US President Joe Biden and his Russian counterpart Vladimir Putin had an online video discussion on Tuesday (7 December) focusing on the rising tensions around Russia's neighbour Ukraine. Biden warned Putin that Moscow would pay a high economic and financial price if it invaded Ukraine.
The Biden administration is considering, as a potential sanction, excluding Russia from the international SWIFT system, which regulates international payments between banks. The US has also announced potential sanctions against Russian banks and Putin's confidants. Biden warned Putin that Russia would pay "very high costs" if he did invade.
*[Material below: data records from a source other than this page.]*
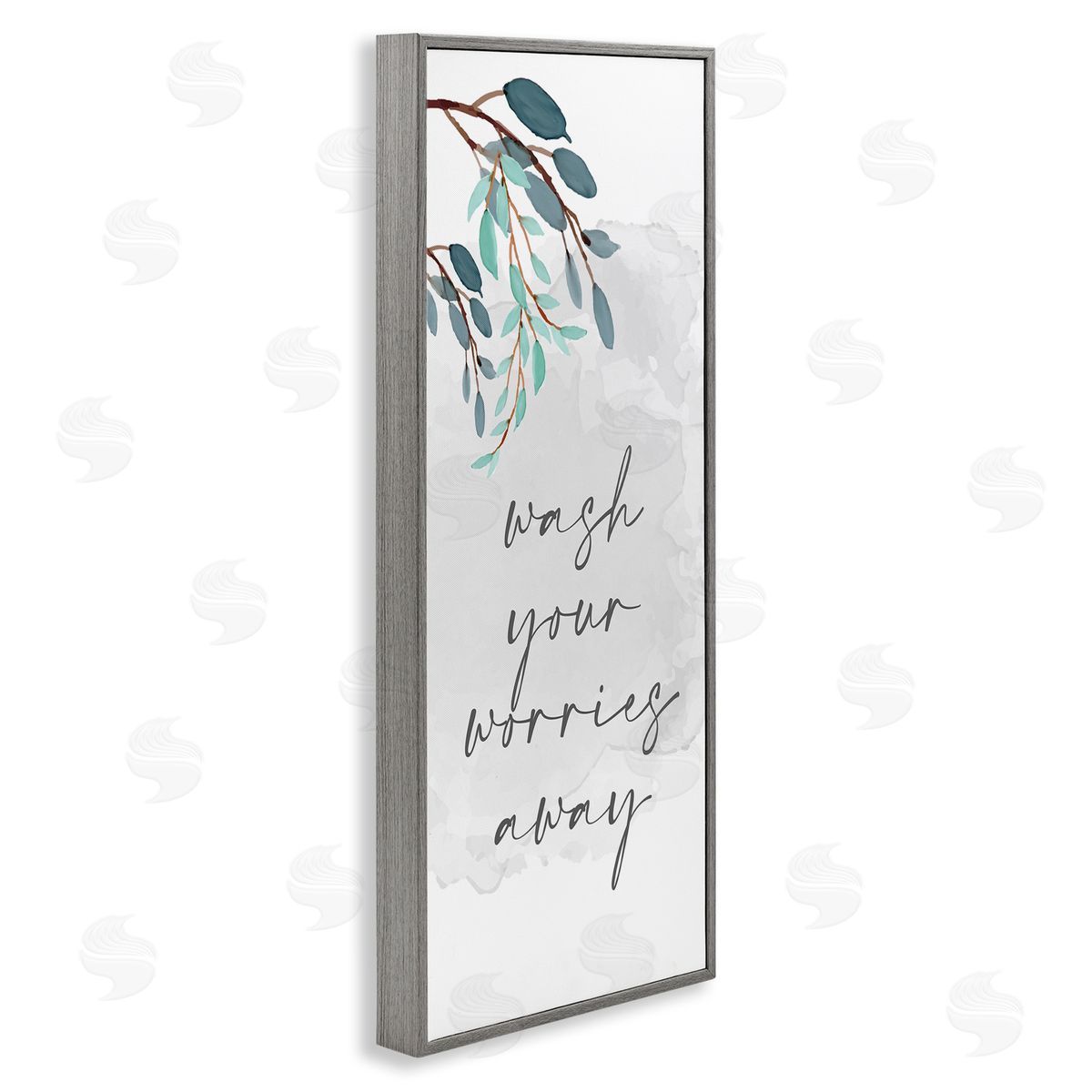 Kim Allen Wash Your Worries Away Bathroom Phrase Blue Tree Branches
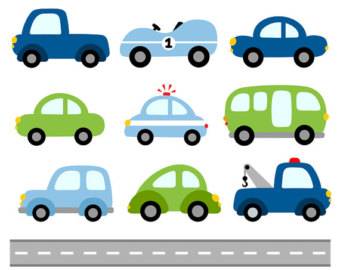 340x270 Cute Cars Digital Clip Art, Transportation Clipart, Blue Red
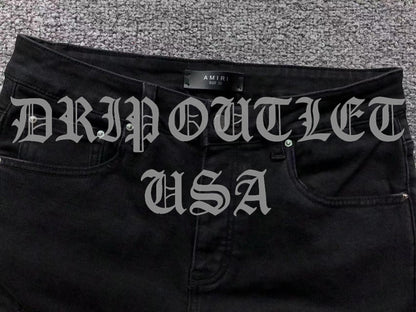 Amiri Red Patch Distressed Skinny Jeans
Before the meeting, Biden expected a "long discussion" and indicated he would make things "very difficult" for Putin. In recent weeks, news emerged that Washington fears a Russian invasion of Ukraine was imminent, and warned the Russians of "serious consequences" if they invade. Moscow denies plans for an attack and insists on its right to station military troops anywhere on the territory of its country for military exercises without foreign interference.
The Russian military buildup has caused tensions to rise again between the US and Russia. Putin warned about crossing a "red line" with new international military activities in Ukraine. Biden said he "will not accept red lines from anyone".
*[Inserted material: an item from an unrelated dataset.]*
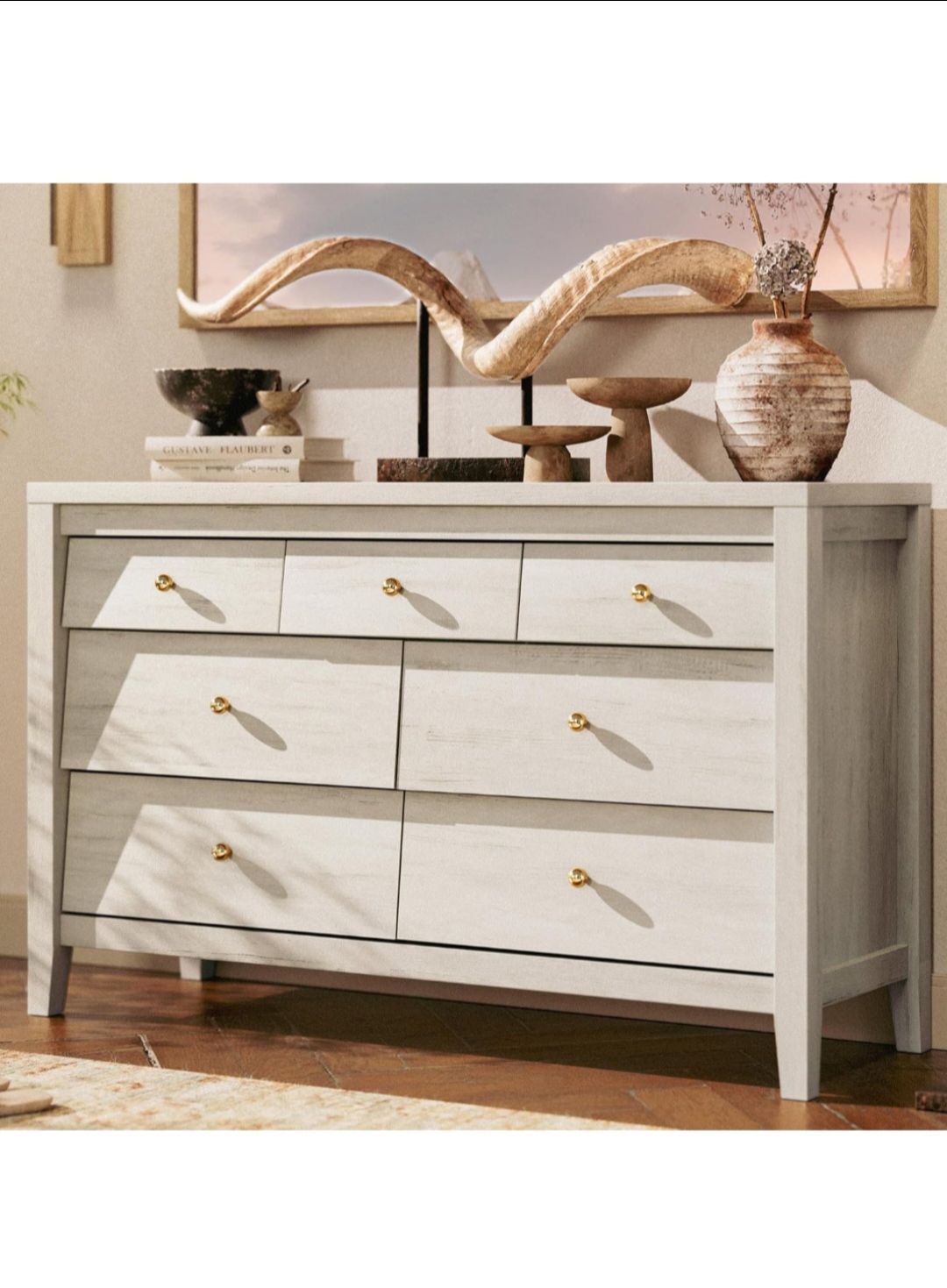 White 7 Drawer Dresser, Moderr Farmhouse Wood Storage Cabinet, Bedroom Chest TV Stand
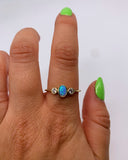 BLUE OPAL & CZ GOLD RING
The two leaders also clearly differ on a range of other issues. For example, Moscow demands that the Western alliance NATO not be expanded further eastwards towards Russia by accepting new members such as Ukraine and Georgia. The US also accuses the Russians of helping neighbouring Belarus to send migrants and asylum seekers from the Middle East towards the European Union.
According to US intelligence, it is now estimated that Russia has about 100 thousand military troops assembled in western Russia near the border with Ukraine. According to a leaked American analysis last week, this number may grow to about 175 thousand troops by the end of January. With these military forces the Russians could invade Ukraine from three directions.